- _Required action_
The full listing, returned exactly and free of pictures, is the expected answer.

** Opening Given data block **

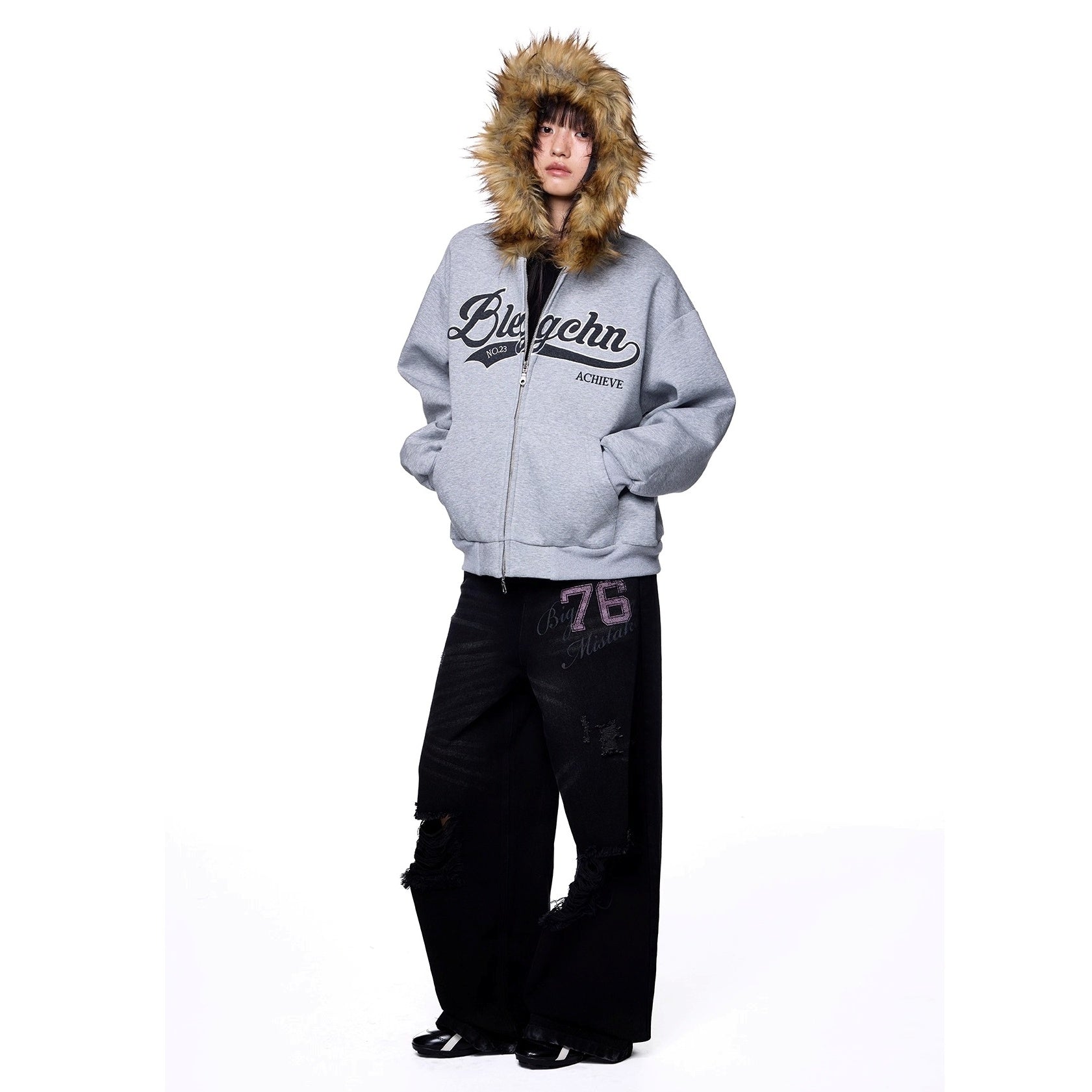Monogram Embroidered Fur Collar Hooded Sweat Jacket EZ262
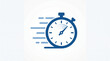 © Danar - Minimalist blue stopwatch icon design featuring horizontal motion lines that indicate high speed and efficiency displayed on a clean white background for professional business productivity and time ma
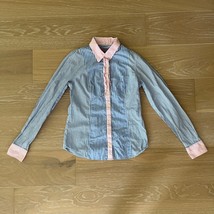 Vineyard Vines Blue White Stripe Pink Trim Ruffle Button Front Shirt Size 2 - $19.99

** Closing Given data block **

- _Solution below_
Monogram Embroidered Fur Collar Hooded Sweat Jacket EZ262
 © Danar - Minimalist blue stopwatch icon design featuring horizontal motion lines that indicate high speed and efficiency displayed on a clean white background for professional business productivity and time ma
 Vineyard Vines Blue White Stripe Pink Trim Ruffle Button Front Shirt Size 2 - $19.99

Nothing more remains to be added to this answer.